“Moral Responsibility and Normative Ignorance: Answering a New Skeptical Challenge” William J. FitzPatrick
“Philosophical doubts about moral responsibility,” writes William FitzPatrick, “have typically been rooted in worries about free agency in the face of causal determinism, culminating in familiar metaphysical arguments against the very possibility of moral responsibility” (589). So it is noteworthy that a novel argument for moral responsibility skepticism (hereafter ‘MRS’), recently advanced by Michael Zimmerman and Gideon Rosen, does not rest on controvertible metaphysical claims such as the defense of an incompatibilist determinism. FitzPatrick’s article presents a critical assessment of this new argument. While he applauds it for drawing our attention to difficult problems surrounding the theory and practice of our attributions of moral responsibility, FitzPatrick concludes that the argument’s skeptical conclusion is too strong.
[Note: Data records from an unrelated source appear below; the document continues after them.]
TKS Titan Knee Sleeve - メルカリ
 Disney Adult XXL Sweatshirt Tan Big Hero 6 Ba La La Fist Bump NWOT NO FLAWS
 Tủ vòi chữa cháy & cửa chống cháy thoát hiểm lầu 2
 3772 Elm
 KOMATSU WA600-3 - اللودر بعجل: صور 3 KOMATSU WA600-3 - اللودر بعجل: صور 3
This new argument for MRS (FitzPatrick focuses his discussion on Rosen’s 2004 presentation, which I have summarized here) is distinctive insofar as it is an epistemological argument, focusing on the warrant for our attributions of moral responsibility, rather than a metaphysical argument concerning the very possibility of moral responsibility itself. Rosen’s argument is two-staged. First, he argues that for any agent’s action to qualify as blameworthy, an instance of genuine akrasia must appear at some point in the “causal etiology” of that action. Second, Rosen argues that we never have good grounds for judging an action to be akratic.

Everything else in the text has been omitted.